PROBLEM REQUIREMENTS = Nothing but an exact repeat of the data, with pictures removed, belongs in the answer.

INFORMATION SUPPLIED =
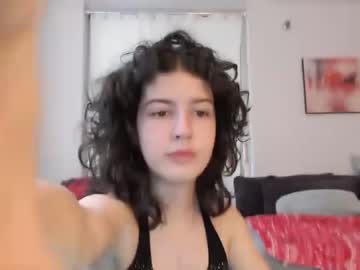 cosplay cam girl frenchava image #4224287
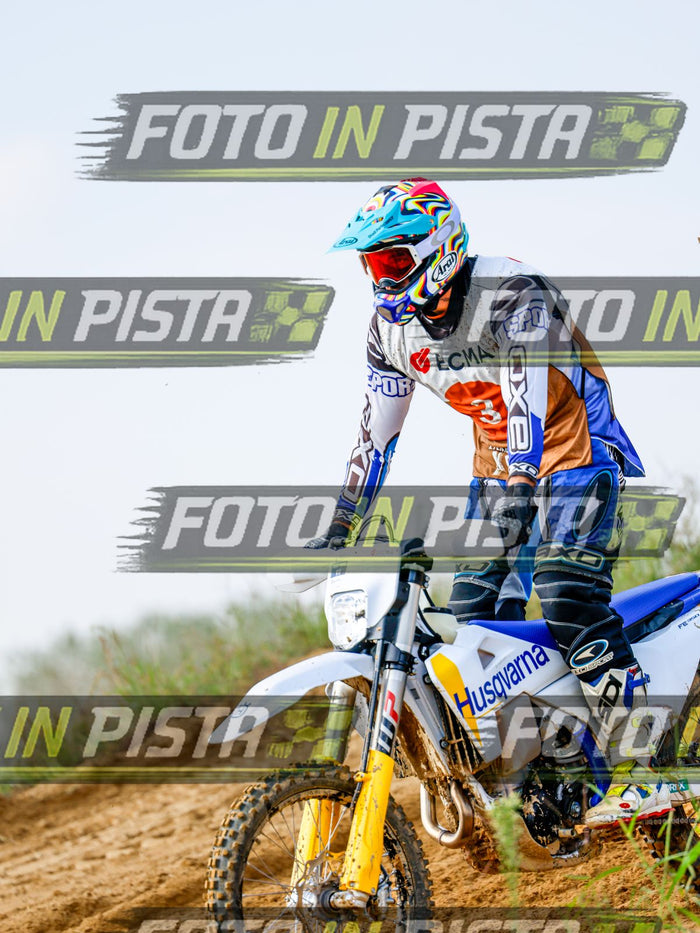 EICMA 19-09 11:00-12:00 · _X9A2117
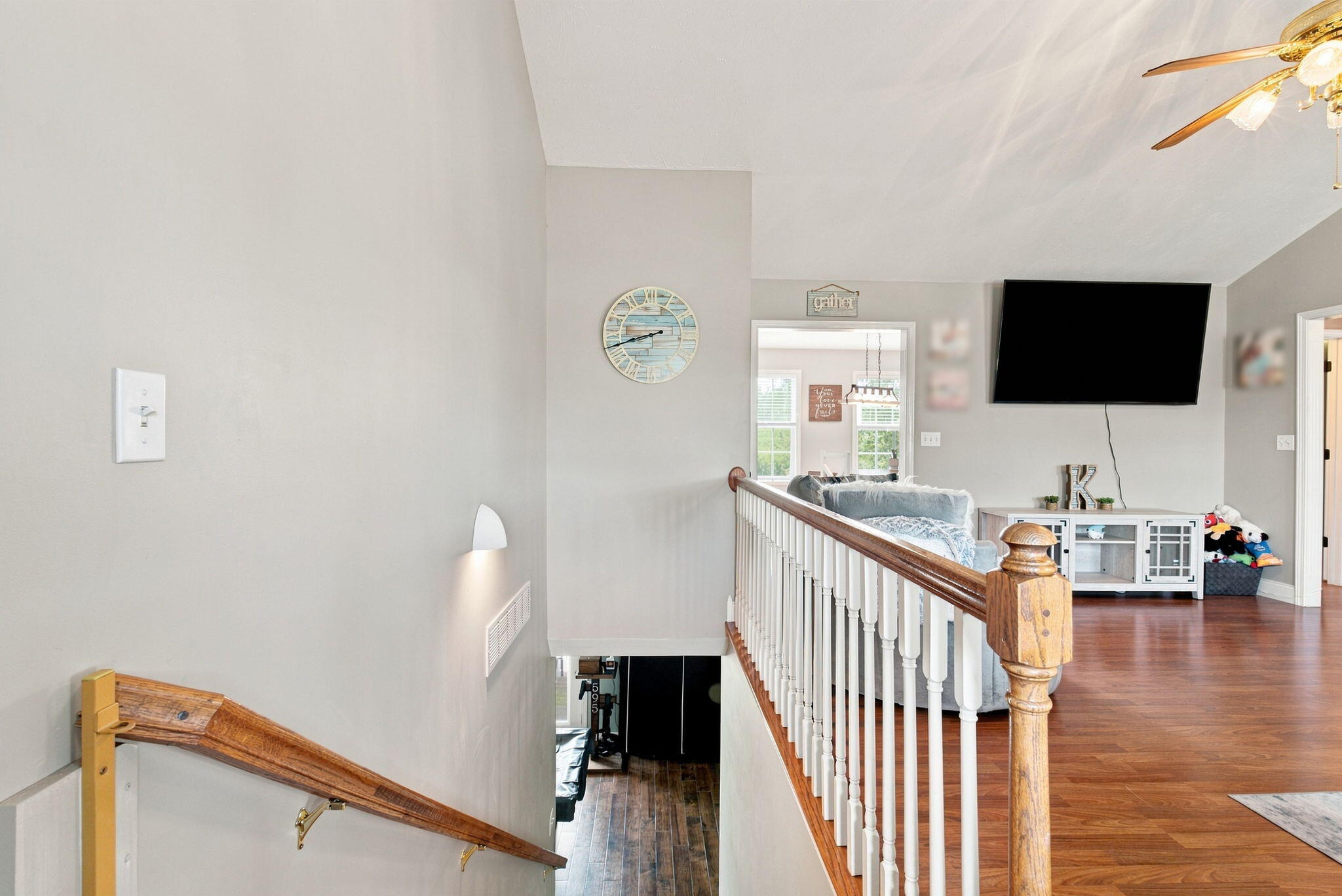 999 Fisher Ford Road Property Photo 9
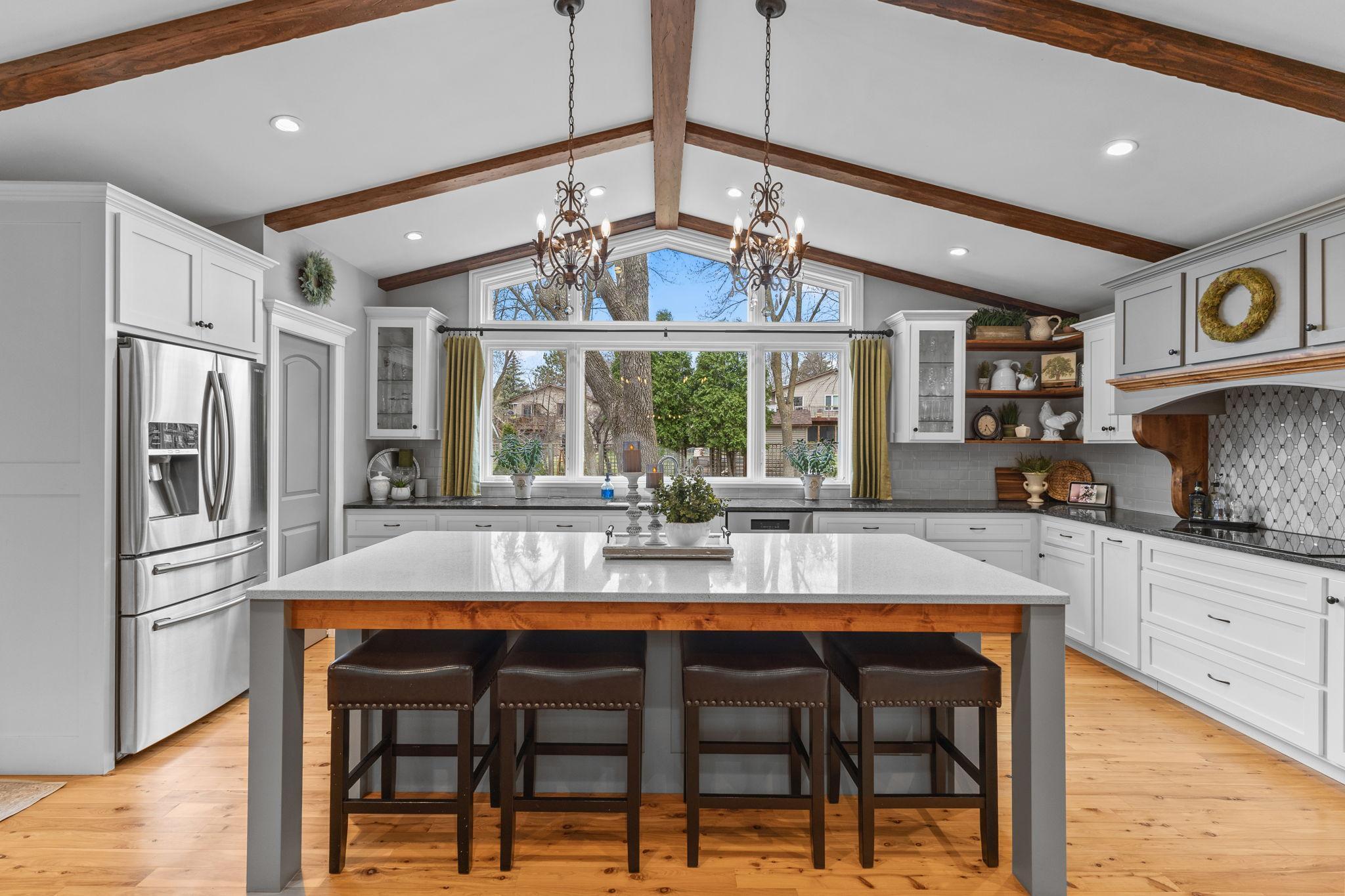 Vivid Spaces_9125 Kingsview Ln N_13.JPG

THE COMPLETED TASK =
 cosplay cam girl frenchava image #4224287
 EICMA 19-09 11:00-12:00 · _X9A2117
 999 Fisher Ford Road Property Photo 9
 Vivid Spaces_9125 Kingsview Ln N_13.JPG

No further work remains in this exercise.